06 Jun / all the broken pieces: a novel in verse by Ann E. Burg
Not only will you be unable to put this down, you’ll have to be careful to remember to breathe while reading this unforgettable debut novel written entirely in free verse. By age 10, Matt Pin has already had a harrowing life as a child of war. As one of the first groups of children airlifted out of an imploding Vietnam, Matt begins life anew on the other side of the world with a welcoming mother, father, and little brother. He remains haunted by memories of his birthmother and little brother, even while he refuses to intone the name of his abandoning American birthfather.
Although young Matt left death behind, he cannot escape the relentless nightmares. He fears his new family, as gentle and loving as they are, will send him back if they ever found out what really happened in Vietnam. When he makes the baseball team at school, he is bullied by a teammate who lost his older brother to war: “My brother died / because of you.” He finds solace in the music he begins to play, lessons given by a gentle Vietnam vet named Jeff. When Matt finally finds the courage to tell his own story, he not only begins to heal himself, but the many survivors of a senseless war who have come home to broken lives: “She gave her child to a bunch / of American soldiers … / Jeff emphasizes the first syllable / in soldier / as if it were souldiers, / … so we must have done / something good.”
Surely this actual book – its amazingly smooth pages that literally provide tactile comfort with each haunting page, the bass clef (which looks like half a heart in memory of the missing beloved family Matt left behind) that announces each section, and blank staff lines (waiting to be filled with the music of his new life) that mark their pause – is also one of the best examples of why Kindles and other such techno-gadgets can’t ever replace real life books.

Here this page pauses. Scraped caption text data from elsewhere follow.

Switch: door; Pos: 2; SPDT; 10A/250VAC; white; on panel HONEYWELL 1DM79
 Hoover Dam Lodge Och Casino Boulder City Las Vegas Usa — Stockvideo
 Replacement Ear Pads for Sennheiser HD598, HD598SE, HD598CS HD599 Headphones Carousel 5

And yes, I do have one, only because it was a generous gift to Luddite me. Yes, it sat on my shelves for nine months until I found out I could read manuscripts that people seem to want to send me because my old eyeballs just can’t read off a computer anymore and I feel too guilty printing out massive reams of sacrificed trees. But you’ll have to pry that final book out of my gnarled hands when they finally put me away for good. For now, no Kindle-version of this book is available … it’s a sign! You’ll have to read the actual phenomenal book.